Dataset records
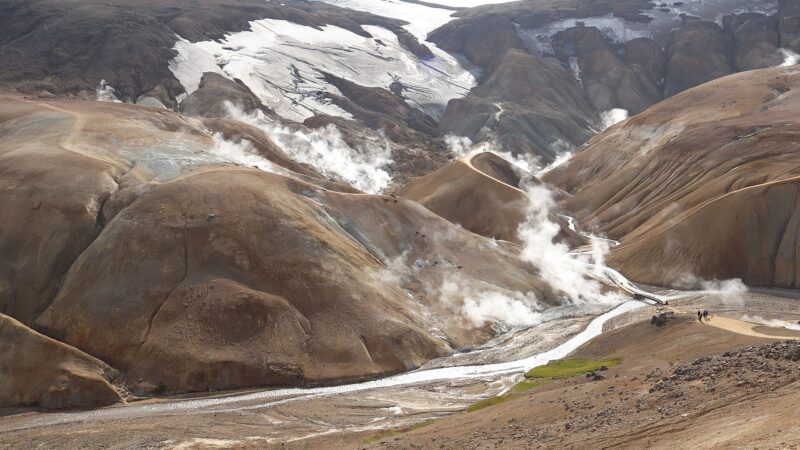 Geothermal valley with steam rising from fumaroles and a winding path (Kerlingarfjöll)
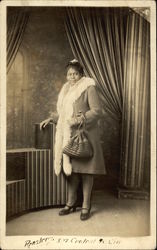 Black Woman in Fur-Trimmed Coat Postcard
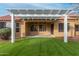 Covered patio with artificial turf and a pergola at 14233 W Via Manana --, Sun City West, AZ 85375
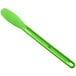 a green spoon on a white background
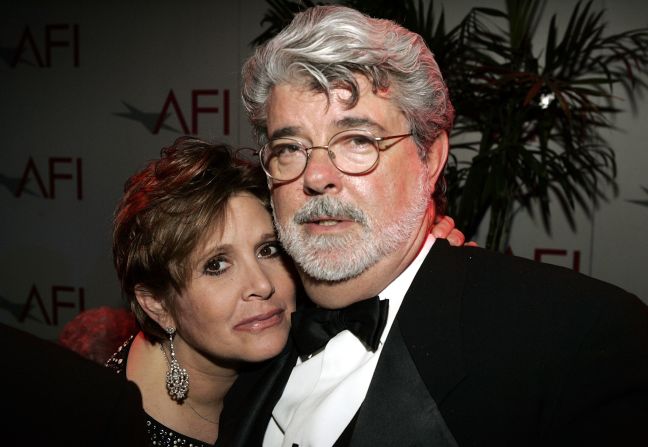 Carrie Fisher y el director George Lucas, creador de la saga de Star Wars.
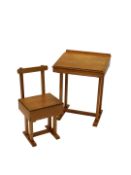 A beech and plywood child's desk and matching chair, the desk 51.5cm wide.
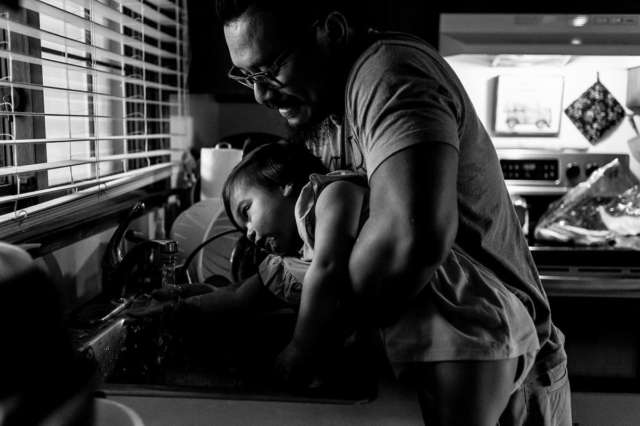 David helps Annabelle wash her hands after eating her lunch.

_Work to be completed_
Would you repeat exactly, and only, the lines from the start of the records above through the line containing "Carrie Fisher y", with the pictures omitted?

_Problem solution_
 Geothermal valley with steam rising from fumaroles and a winding path (Kerlingarfjöll)
 Black Woman in Fur-Trimmed Coat Postcard
 Covered patio with artificial turf and a pergola at 14233 W Via Manana --, Sun City West, AZ 85375
 a green spoon on a white background
 Carrie Fisher y el director George Lucas, creador de la saga de Star Wars.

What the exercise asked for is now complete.